**Exercise**
The reply should hold nothing except the lines from the one with "Willow & Clay Striped Coral Button-Up Shirt" through the end of the entries, duplicated exactly and with no pictures.

═══ Supplied data ═══

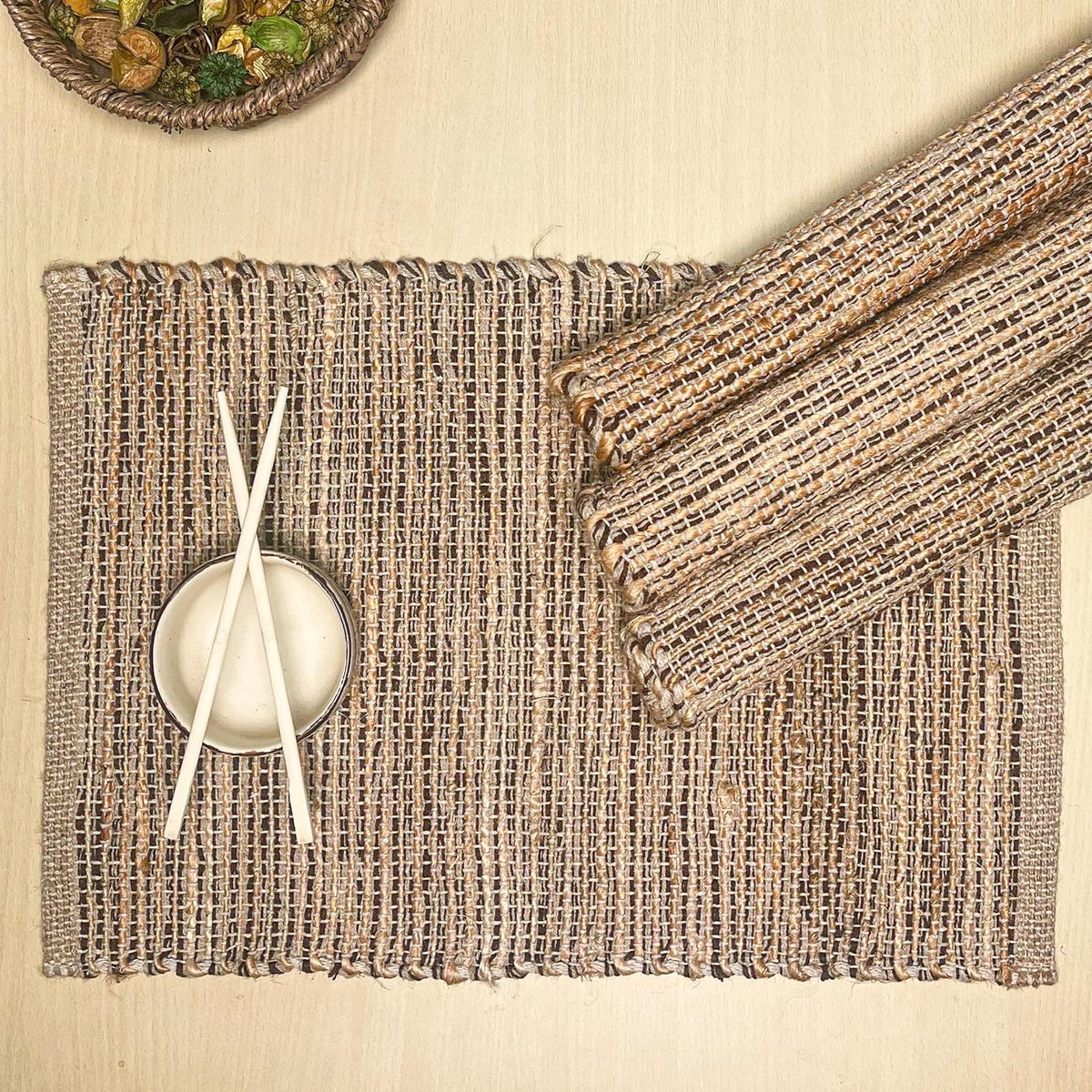 Chardin Home Natural Jute & Aqua Turquoise Placemats, Set of 4 – Rustic Handmade Boho Table Mats, 13x19 in Dining Table Placemats - Kitchen, Everyday Meals, Holidays, Farmhouse or Modern Table Décor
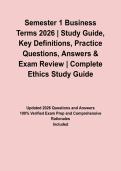 Semester 1 Business Terms 2026 &vert; Study Guide&comma; Key Definitions&comma; Practice Questions&comma; Answers & Exam Review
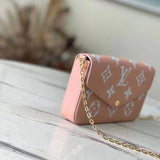 Louis Vuitton LV Women Félicie Pochette Pink Cream Monogram Empreinte Embossed Supple Grained Cowhide Clutch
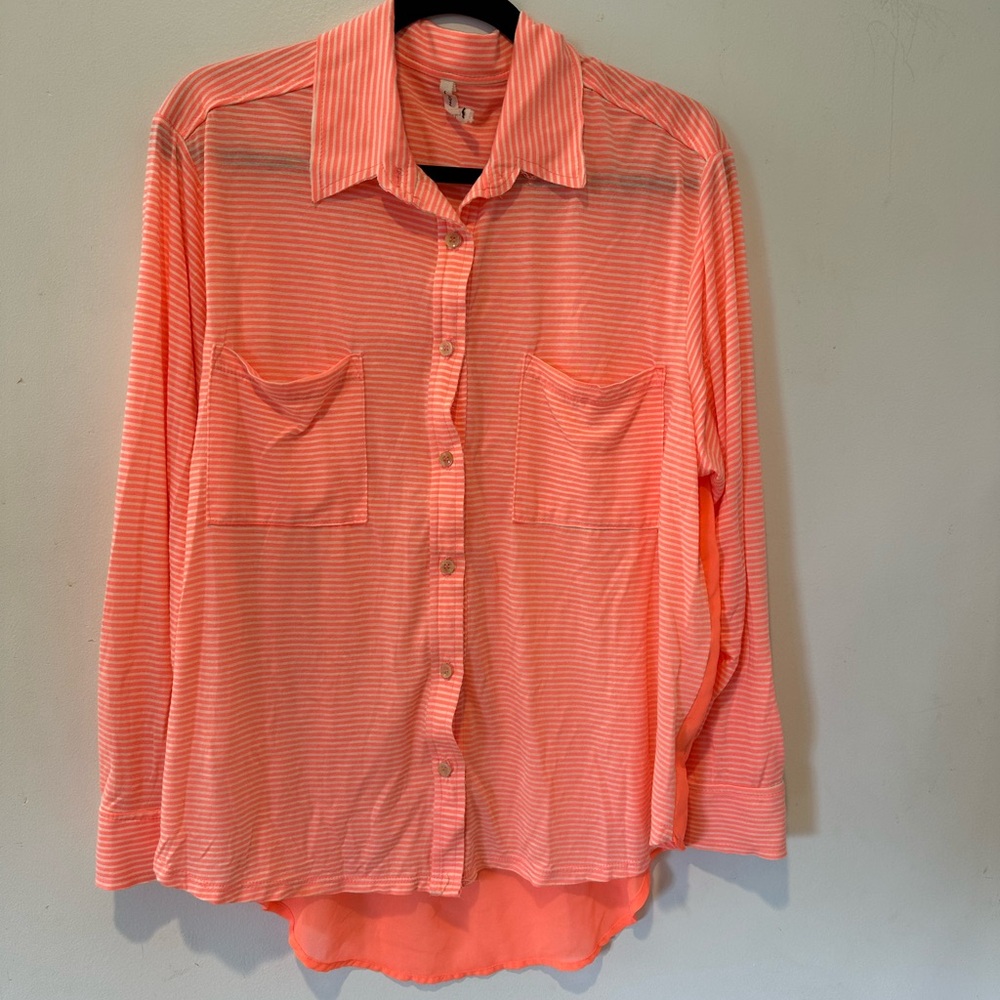 Willow & Clay Striped Coral Button-Up Shirt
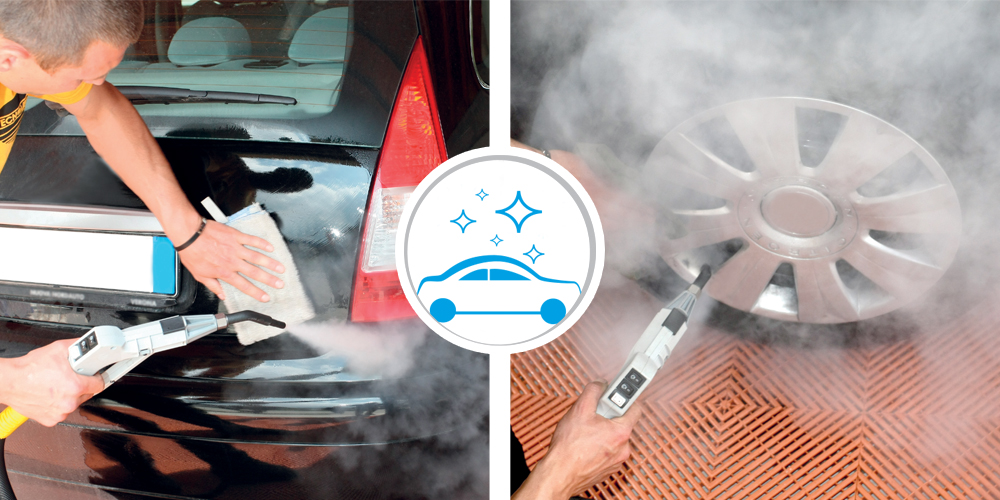 Tecnovap steam cleaning car exterior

═══

**Response area**
 Willow & Clay Striped Coral Button-Up Shirt
 Tecnovap steam cleaning car exterior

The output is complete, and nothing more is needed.